Why? The growth of digital dependence has exploded, with high-profile incidents capturing the attention of leaders big and small, explains Linda Regner Dykeman, chief agent of Canada for Allianz Global Corporate & Specialty. Cyber incidents took over the top spot from business interruption, which slipped to second this year after a seven-year run on top.
“Technology has rapidly changed over those seven years; seven years ago, we weren’t as connected,” Regner Dykeman tells Canadian Underwriter. “We didn’t have as much of a reliance on technology that we do today. Technology itself is evolving rapidly so, therefore, the concern then becomes greater. As technology evolves and we have a heavier reliance on that particular tool or way of doing business, the concern around that business risk increased along with it.”
Regner Dykeman remembers back to a time when data breaches weren’t on anyone’s radar. It wasn’t until 2015 when a group calling itself The Impact Team stole user data from Ashley Madison, a website that billed itself as enabling extramarital affairs, in a data breach that affected more than 30 million people in 40-plus countries.
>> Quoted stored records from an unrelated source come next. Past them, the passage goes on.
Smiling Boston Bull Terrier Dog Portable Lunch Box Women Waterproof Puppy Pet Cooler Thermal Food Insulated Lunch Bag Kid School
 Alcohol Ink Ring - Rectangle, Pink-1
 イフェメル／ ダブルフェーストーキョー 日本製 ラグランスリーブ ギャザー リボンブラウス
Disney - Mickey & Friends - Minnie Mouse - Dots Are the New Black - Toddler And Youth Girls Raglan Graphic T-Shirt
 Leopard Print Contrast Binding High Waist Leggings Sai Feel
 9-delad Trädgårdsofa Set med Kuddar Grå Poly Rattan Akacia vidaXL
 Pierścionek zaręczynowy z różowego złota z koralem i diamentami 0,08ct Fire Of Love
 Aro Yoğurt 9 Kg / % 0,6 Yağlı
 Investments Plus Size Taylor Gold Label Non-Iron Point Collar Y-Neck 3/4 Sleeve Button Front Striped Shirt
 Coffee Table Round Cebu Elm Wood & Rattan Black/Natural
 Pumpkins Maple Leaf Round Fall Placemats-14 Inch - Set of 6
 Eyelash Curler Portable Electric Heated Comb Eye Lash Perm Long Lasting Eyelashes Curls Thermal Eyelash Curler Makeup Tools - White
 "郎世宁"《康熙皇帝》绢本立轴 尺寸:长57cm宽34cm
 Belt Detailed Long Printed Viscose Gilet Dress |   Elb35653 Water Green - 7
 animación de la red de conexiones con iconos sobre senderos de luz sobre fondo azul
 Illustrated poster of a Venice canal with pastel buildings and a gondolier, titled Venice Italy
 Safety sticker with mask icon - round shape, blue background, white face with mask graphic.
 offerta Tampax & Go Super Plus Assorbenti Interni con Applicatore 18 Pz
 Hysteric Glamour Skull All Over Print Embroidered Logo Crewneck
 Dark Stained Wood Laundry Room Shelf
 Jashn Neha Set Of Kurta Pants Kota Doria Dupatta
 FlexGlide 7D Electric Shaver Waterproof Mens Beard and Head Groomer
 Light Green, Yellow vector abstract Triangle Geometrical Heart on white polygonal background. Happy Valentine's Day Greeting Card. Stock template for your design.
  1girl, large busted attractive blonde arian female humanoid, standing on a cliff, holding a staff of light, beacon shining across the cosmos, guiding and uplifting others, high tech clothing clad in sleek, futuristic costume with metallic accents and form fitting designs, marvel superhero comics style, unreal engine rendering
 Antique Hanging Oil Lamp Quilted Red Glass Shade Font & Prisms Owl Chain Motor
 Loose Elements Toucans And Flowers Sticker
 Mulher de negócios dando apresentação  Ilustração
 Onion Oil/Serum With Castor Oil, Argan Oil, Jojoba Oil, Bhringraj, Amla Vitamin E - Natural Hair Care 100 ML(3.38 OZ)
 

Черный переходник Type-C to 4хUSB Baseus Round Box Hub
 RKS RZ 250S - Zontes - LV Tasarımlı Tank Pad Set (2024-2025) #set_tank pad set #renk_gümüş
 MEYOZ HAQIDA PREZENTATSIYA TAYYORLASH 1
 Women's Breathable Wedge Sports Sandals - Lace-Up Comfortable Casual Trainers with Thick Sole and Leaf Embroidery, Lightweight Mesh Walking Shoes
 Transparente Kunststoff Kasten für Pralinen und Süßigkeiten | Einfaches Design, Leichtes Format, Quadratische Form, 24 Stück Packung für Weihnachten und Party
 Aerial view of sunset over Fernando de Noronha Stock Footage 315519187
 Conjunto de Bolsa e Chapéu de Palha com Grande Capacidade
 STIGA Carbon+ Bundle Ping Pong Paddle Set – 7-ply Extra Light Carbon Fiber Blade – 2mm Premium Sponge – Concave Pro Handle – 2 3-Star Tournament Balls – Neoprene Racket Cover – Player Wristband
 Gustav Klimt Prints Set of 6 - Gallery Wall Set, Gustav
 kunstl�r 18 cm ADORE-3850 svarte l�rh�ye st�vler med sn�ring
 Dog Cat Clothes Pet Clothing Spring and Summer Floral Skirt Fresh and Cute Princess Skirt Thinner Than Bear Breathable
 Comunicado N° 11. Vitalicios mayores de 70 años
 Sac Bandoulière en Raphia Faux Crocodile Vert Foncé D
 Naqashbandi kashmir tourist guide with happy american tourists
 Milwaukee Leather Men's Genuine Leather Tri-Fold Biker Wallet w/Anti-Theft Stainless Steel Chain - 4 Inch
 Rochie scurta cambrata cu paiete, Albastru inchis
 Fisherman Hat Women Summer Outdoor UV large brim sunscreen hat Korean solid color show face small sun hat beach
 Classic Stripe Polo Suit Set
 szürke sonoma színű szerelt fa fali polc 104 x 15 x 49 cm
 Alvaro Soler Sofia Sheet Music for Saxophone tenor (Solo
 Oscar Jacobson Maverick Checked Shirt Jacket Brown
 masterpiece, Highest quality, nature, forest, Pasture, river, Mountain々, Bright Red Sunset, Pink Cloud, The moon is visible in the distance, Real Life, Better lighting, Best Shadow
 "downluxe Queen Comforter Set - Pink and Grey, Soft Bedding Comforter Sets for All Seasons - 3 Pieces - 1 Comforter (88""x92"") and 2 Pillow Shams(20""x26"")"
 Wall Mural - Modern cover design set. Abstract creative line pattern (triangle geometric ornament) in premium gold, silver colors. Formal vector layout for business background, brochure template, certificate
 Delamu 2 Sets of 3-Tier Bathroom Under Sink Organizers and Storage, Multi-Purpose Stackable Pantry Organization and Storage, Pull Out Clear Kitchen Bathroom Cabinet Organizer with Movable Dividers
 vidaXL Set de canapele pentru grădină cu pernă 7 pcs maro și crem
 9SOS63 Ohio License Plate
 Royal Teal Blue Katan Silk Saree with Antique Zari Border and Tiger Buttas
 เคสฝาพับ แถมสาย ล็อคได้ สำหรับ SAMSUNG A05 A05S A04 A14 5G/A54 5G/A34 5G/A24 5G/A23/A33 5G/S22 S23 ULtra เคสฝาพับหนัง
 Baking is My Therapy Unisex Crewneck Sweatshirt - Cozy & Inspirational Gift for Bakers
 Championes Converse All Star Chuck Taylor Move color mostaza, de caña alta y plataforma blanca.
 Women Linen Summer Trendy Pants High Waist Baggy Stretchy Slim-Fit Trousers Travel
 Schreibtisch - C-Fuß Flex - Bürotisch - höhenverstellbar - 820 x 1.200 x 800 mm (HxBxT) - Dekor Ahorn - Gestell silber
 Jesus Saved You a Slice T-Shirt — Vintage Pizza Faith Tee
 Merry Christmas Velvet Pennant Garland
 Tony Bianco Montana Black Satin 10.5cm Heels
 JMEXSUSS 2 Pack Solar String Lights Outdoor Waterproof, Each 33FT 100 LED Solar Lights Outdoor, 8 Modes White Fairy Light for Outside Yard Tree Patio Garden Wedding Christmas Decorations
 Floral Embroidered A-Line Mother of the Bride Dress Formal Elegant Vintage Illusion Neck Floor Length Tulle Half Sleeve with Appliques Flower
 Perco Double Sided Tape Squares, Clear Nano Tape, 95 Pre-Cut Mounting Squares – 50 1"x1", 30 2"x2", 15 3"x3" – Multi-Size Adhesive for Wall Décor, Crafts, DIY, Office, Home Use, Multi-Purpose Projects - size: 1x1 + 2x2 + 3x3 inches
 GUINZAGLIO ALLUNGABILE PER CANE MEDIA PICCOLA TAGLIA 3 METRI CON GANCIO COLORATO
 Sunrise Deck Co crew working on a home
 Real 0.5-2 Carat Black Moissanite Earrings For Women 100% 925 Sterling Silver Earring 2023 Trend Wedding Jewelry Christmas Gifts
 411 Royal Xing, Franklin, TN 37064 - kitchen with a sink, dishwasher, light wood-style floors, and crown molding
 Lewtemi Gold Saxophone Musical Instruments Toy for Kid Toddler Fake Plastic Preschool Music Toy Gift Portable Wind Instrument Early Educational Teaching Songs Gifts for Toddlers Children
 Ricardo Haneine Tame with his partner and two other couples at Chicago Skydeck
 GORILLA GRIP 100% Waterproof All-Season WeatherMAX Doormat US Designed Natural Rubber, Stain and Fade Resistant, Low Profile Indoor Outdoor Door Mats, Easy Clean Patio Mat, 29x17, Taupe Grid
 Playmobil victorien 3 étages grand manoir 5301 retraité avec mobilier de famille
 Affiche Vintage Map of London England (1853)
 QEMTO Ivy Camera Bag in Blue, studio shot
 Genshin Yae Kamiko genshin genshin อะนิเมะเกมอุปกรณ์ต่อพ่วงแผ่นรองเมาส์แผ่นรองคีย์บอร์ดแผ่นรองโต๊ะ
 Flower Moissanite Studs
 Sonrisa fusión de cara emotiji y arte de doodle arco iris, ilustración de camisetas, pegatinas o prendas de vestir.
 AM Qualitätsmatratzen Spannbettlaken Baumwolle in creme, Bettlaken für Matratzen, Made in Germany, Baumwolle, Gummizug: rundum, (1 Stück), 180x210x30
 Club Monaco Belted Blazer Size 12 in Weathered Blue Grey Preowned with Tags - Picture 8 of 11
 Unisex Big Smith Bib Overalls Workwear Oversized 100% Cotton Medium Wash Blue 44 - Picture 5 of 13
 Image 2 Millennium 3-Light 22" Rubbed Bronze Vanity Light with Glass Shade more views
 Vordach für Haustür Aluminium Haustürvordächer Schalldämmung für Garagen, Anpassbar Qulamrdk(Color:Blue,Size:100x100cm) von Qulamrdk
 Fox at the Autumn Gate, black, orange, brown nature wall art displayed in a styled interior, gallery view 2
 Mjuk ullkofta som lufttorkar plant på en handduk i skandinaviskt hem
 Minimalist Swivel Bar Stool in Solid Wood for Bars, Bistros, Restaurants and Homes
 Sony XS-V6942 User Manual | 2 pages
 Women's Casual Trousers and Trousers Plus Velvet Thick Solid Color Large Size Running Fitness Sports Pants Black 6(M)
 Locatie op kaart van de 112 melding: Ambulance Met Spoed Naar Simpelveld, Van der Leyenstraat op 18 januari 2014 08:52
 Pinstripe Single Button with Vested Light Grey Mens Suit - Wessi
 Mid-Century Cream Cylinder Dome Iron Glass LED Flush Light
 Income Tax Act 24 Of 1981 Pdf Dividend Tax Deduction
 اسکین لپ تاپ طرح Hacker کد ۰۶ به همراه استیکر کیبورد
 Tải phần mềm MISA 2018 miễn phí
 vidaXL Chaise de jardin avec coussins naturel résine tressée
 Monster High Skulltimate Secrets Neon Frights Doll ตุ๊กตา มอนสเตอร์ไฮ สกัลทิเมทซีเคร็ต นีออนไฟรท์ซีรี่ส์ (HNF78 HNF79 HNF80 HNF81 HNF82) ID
That’s when cyber incidents hit the mainstream.
Nowadays, people are shopping online more, so more data is being collected online. Companies are doing more of their business virtually as well. “You can’t do business without a computer system,” says Regner Dykeman. “As you automate more, use technology more, and gather more data, you’re connected with individuals; you do online business; people shop and buy from you online; and the cyber risk becomes greater. There’s more of an onus on companies that collect private information to keep, retain, and protect that information.”
It’s always a challenge to keep up with cybercriminals, who are always one step ahead, Regner Dykeman adds. “They know what we’re doing and find ways to crack [our security codes] and get the data they need to commit crimes. These incidents are becoming more frequent. Businesses are looking at it and saying, ‘Well if Desjardins, Capital One, and Marriott can be compromised, certainly I can be.’”
Ransomware demands have also escalated, she points out. Years ago, cybercriminals may have been happy with a five-figure payoff; now, that number has climbed to hundreds of thousands – if not millions – of dollars. Insuring such a risk has become necessary.
“The cost of cyber breaches has also escalated, and they’re going to continue to increase as regulation widens in scope,” Regner Dykeman predicts. “Class actions are becoming more common; they have an impact on the cost of dealing with the breach. Cost of the incident escalates further with the business interruption they cause.
“If a cybercriminal shuts you down, now you’re shut down for days, weeks, months. You’ve got a huge business interruption exposure – you can’t do business. You can’t sell your product; potentially, you can’t receive component parts from other countries. If someone shuts you down, you’re unable to order the parts you need to manufacture your product or do business globally as well.”